Remove limits for redis in /etc/security/limits.d

Now that puppet-redis supports ulimit for cluster managed redis (via
https://github.com/arioch/puppet-redis/pull/192), we need to remove the
file snippet as otherwise we will get a duplicate resource error.

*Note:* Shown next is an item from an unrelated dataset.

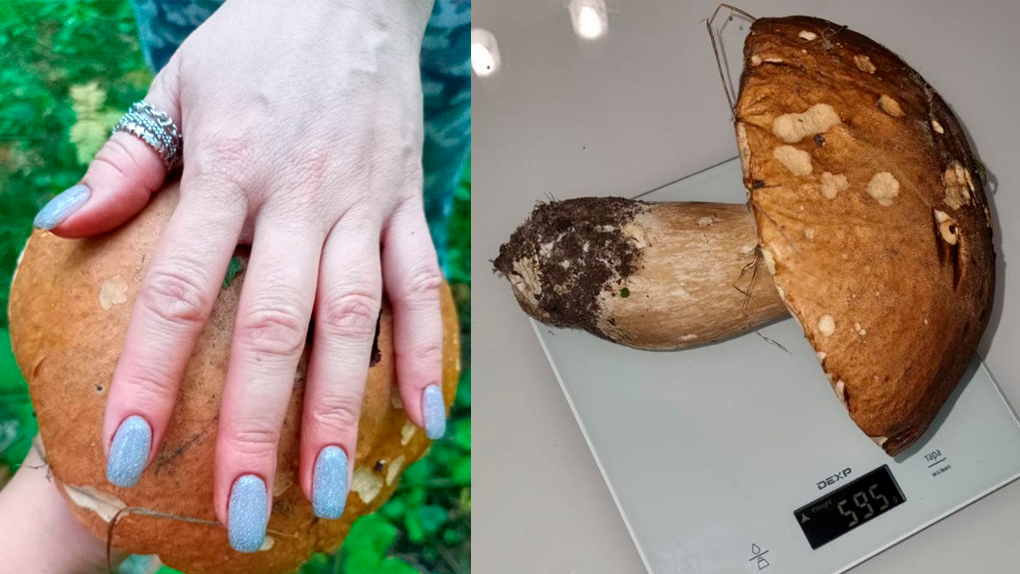 Шляпка размером с ладонь: гигантский гриб в полкилограмма нашла жительница Новосибирска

We will need to create a THT change that at the very least sets the
redis::managed_by_cluster_manager key to true so that
/etc/security/limits.d/redis.conf gets created.
We also add code to not break backwards compatibility with the old hiera
key.

Change-Id: I4ffccfe3e3ba862d445476c14c8f2cb267fa108d
Partial-Bug: #1688464

diff --git a/manifests/profile/pacemaker/database/redis.pp b/manifests/profile/pacemaker/database/redis.pp
index 3ef6815..4f5a861 100644 (file)
--- a/manifests/profile/pacemaker/database/redis.pp
+++ b/manifests/profile/pacemaker/database/redis.pp
@@ -32,9 +32,12 @@
 #   Defaults to hiera('step')
 #
 # [*redis_file_limit*]
-#   (Optional) The file limit to put in /etc/security/limits.d/redis.conf
+#   (Deprecated) The file limit to put in /etc/security/limits.d/redis.conf
 #   for when redis is managed by pacemaker. Defaults to hiera('redis_file_limit')
-#   or 10240 (default in redis systemd limits)
+#   or 10240 (default in redis systemd limits). Note this option is deprecated
+#   since puppet-redis grew support for ulimits in cluster configurations.
+#   https://github.com/arioch/puppet-redis/pull/192. Set redis::ulimit via hiera
+#   to control this limit.
 #
 # [*pcs_tries*]
 #   (Optional) The number of times pcs commands should be retried.
@@ -44,7 +47,7 @@ class tripleo::profile::pacemaker::database::redis (
   $bootstrap_node       = hiera('redis_short_bootstrap_node_name'),
   $enable_load_balancer = hiera('enable_load_balancer', true),
   $step                 = hiera('step'),
-  $redis_file_limit     = hiera('redis_file_limit', 10240),
+  $redis_file_limit     = undef,
   $pcs_tries            = hiera('pcs_tries', 20),
 ) {
   if $::hostname == downcase($bootstrap_node) {
@@ -54,19 +57,17 @@ class tripleo::profile::pacemaker::database::redis (
   }
 
   if $step >= 1 {
-    include ::redis
-    # Until puppet-redis grows support for /etc/security/limits.conf/redis.conf
-    # https://github.com/arioch/puppet-redis/issues/130
-    # we best explicitely set the file limit only in the pacemaker profile
-    # (the base profile does not need it as it is using systemd which has
-    # the limits set there)
-    file { '/etc/security/limits.d/redis.conf':
-      content => inline_template("redis soft nofile <%= @redis_file_limit %>\nredis hard nofile <%= @redis_file_limit %>\n"),
-      owner   => '0',
-      group   => '0',
-      mode    => '0644',
+    # If the old hiera key exists we use that to set the ulimit in order not to break
+    # operators which set it. We might remove this in a later release (post pike anyway)
+    $old_redis_file_limit = hiera('redis_file_limit', undef)
+    if $old_redis_file_limit != undef {
+      warning('redis_file_limit parameter is deprecated, use redis::ulimit in hiera.')
+      class { '::redis':
+        ulimit => $old_redis_file_limit,
+      }
+    } else {
+      include ::redis
     }
-
     if $pacemaker_master and hiera('stack_action') == 'UPDATE' {
       tripleo::pacemaker::resource_restart_flag { 'redis-master':
         # ouch, but trying to stay close how notification works in

diff --git a/releasenotes/notes/deprecate-redis-file-limit-4a60fa0fde4667ef.yaml b/releasenotes/notes/deprecate-redis-file-limit-4a60fa0fde4667ef.yaml
new file mode 100644 (file)
index 0000000..a362abc
--- /dev/null
+++ b/releasenotes/notes/deprecate-redis-file-limit-4a60fa0fde4667ef.yaml
@@ -0,0 +1,5 @@
+---
+deprecations:
+  - |
+     The redis_file_limit hiera parameter is now deprecated. Use the
+     redis::ulimit parameter instead.